Records from a data collection
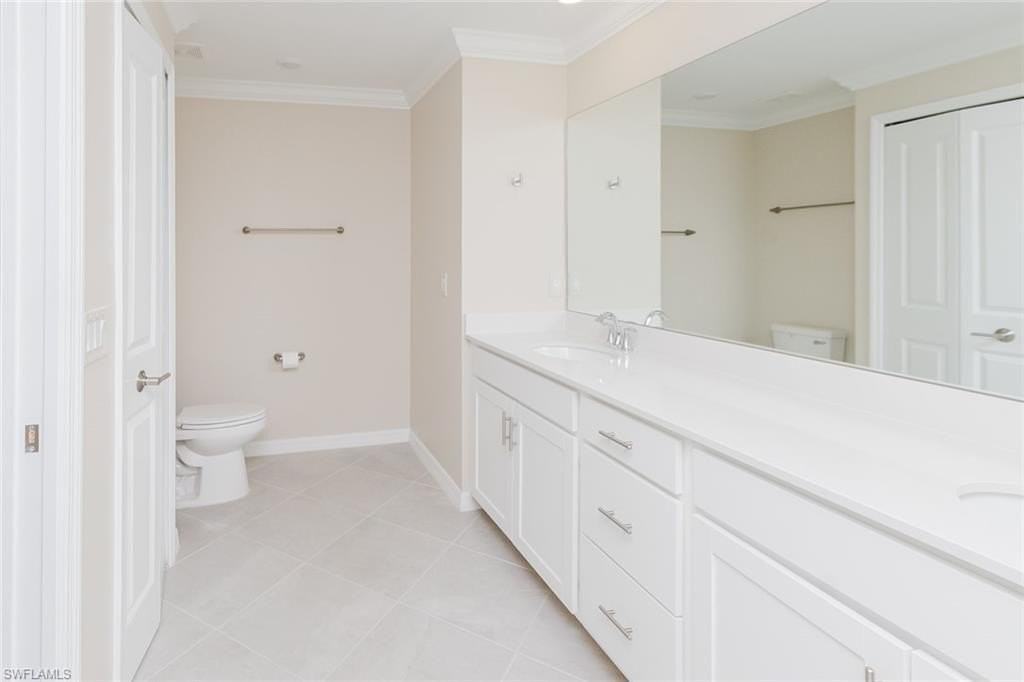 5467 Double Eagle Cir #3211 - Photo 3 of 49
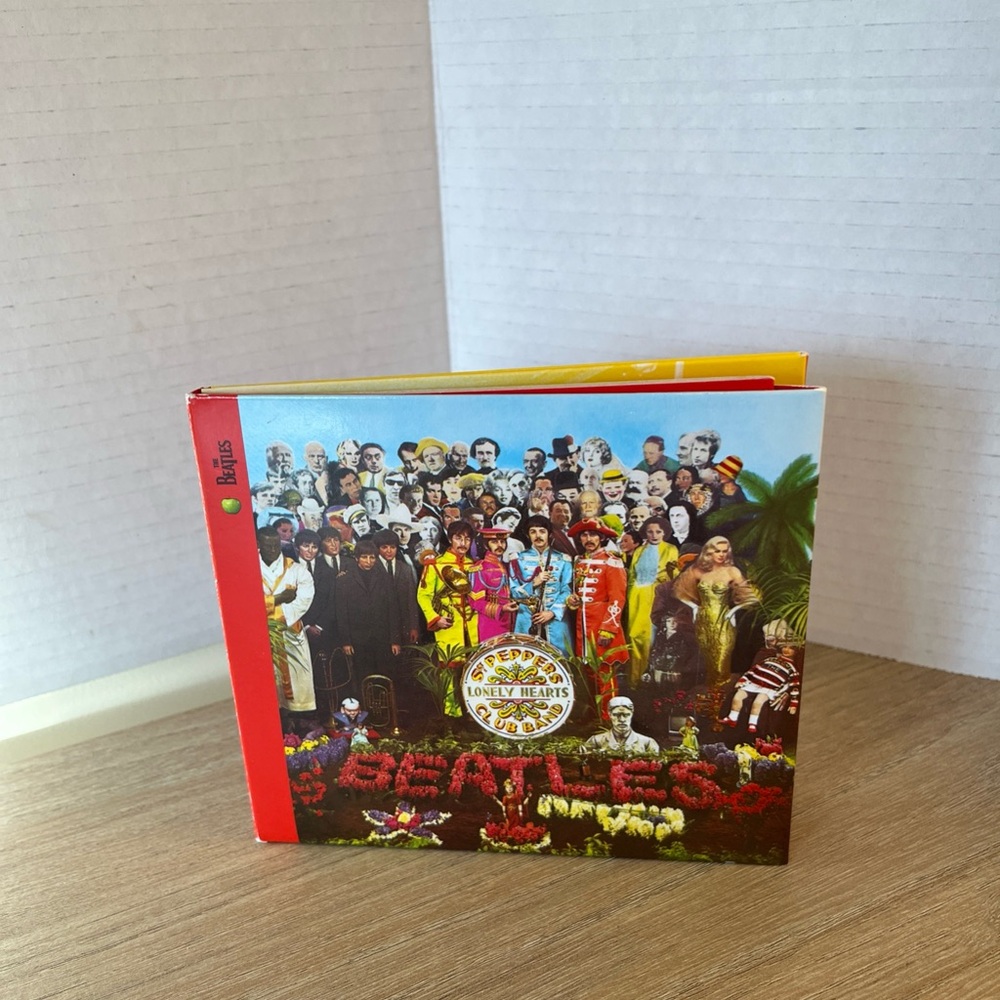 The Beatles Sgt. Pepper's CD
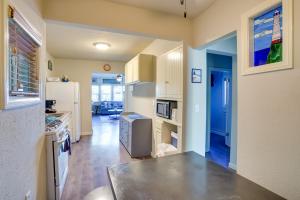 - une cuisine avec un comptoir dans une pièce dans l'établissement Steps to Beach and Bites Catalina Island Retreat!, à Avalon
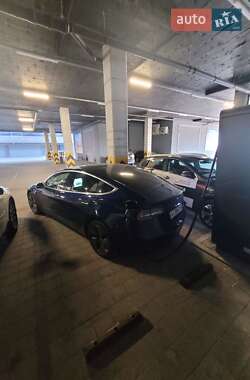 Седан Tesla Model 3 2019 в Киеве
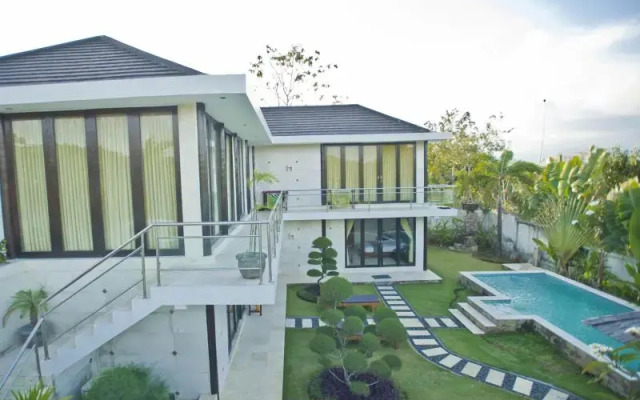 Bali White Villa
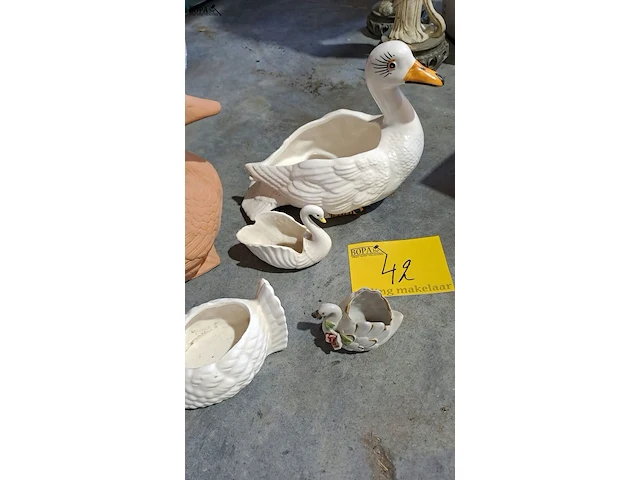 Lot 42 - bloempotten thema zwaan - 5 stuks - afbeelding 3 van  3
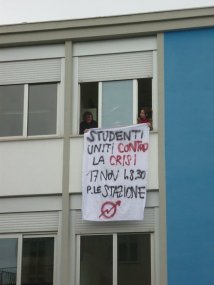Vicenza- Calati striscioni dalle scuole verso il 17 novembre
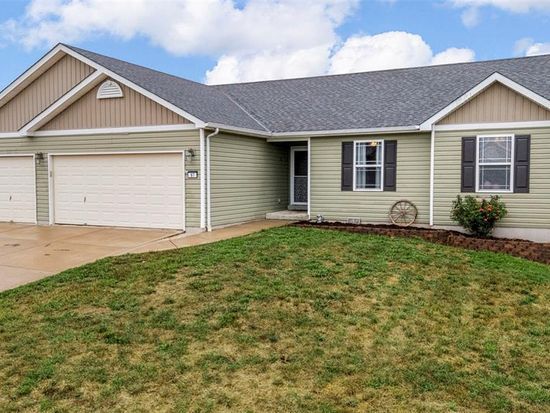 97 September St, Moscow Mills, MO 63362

TASK TO COMPLETE: Print exactly the lines from the one containing "The Beatles Sgt. Pepper's CD" through the last line of the records, both included, and leave out the pictures.

EXPECTED ANSWER:
 The Beatles Sgt. Pepper's CD
 - une cuisine avec un comptoir dans une pièce dans l'établissement Steps to Beach and Bites Catalina Island Retreat!, à Avalon
 Седан Tesla Model 3 2019 в Киеве
 Bali White Villa
 Lot 42 - bloempotten thema zwaan - 5 stuks - afbeelding 3 van  3
Vicenza- Calati striscioni dalle scuole verso il 17 novembre
 97 September St, Moscow Mills, MO 63362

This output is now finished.